_Exercise instructions_.
Lines of the listing below that contain the string "Euro" are to be returned.

_Given entries_.

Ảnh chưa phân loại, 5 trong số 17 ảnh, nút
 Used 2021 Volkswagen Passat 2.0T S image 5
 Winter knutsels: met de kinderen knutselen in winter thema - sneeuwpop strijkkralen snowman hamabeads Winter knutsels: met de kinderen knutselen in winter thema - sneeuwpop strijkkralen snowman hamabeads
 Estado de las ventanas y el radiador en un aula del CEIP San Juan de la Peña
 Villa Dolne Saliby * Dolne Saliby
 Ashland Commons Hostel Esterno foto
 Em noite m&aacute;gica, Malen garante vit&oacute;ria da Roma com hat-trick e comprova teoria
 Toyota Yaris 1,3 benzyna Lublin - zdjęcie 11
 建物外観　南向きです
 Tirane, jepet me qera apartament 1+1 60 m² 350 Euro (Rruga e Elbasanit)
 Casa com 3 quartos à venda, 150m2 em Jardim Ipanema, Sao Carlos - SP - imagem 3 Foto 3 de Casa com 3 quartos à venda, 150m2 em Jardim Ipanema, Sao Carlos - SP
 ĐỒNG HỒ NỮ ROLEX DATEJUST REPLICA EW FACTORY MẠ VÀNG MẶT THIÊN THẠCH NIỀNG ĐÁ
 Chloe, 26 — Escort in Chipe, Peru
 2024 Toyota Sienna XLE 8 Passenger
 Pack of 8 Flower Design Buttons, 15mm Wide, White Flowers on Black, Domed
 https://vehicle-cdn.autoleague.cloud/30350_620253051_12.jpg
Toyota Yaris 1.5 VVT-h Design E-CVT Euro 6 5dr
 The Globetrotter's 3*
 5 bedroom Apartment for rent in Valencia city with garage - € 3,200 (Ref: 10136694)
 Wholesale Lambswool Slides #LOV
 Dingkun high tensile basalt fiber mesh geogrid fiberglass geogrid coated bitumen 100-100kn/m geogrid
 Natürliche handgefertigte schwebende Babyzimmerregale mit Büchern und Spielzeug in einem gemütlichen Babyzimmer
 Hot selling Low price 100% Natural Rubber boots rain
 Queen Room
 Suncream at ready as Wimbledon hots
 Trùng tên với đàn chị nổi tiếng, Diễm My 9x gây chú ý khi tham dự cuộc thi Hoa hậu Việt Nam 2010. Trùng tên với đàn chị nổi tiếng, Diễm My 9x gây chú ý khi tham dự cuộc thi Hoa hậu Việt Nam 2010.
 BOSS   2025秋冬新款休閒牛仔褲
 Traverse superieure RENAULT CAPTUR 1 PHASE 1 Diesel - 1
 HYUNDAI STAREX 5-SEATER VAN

_Exercise response_.
 Tirane, jepet me qera apartament 1+1 60 m² 350 Euro (Rruga e Elbasanit)
Toyota Yaris 1.5 VVT-h Design E-CVT Euro 6 5dr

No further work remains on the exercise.